**Input:**
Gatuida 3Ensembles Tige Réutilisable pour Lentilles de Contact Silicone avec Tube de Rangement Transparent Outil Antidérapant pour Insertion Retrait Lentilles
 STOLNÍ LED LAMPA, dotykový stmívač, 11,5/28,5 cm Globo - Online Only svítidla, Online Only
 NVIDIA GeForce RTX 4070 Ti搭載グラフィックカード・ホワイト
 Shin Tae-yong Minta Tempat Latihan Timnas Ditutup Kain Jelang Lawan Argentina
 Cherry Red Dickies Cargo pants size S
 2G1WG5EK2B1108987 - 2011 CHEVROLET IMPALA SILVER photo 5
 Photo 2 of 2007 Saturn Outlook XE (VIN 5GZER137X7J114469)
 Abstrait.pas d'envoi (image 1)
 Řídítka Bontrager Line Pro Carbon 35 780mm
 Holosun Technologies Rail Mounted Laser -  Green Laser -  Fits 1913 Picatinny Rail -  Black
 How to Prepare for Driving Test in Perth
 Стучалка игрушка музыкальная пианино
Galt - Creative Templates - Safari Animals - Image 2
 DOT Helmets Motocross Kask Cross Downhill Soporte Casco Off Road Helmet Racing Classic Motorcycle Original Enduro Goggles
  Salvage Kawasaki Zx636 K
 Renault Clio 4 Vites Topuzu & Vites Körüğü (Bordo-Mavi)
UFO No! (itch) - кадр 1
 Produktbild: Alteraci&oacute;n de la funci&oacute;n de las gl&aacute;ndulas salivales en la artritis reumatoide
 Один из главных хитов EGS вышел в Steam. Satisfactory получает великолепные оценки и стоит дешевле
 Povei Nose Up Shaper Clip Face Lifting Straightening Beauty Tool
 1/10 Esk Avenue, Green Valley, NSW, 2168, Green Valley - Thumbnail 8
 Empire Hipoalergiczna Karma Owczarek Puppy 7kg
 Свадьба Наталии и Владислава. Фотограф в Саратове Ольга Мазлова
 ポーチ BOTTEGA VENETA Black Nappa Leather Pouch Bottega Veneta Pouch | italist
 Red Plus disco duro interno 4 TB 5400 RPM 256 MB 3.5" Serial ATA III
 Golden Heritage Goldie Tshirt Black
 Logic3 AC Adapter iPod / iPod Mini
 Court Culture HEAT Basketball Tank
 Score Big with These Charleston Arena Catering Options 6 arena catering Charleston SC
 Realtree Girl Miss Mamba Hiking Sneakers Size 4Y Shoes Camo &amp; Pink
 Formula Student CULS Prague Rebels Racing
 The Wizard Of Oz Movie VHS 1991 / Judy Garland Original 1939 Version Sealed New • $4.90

**To do:**
In the material above, tally every line with the string "Original" in it, then give that number alone.

**Task output:**
2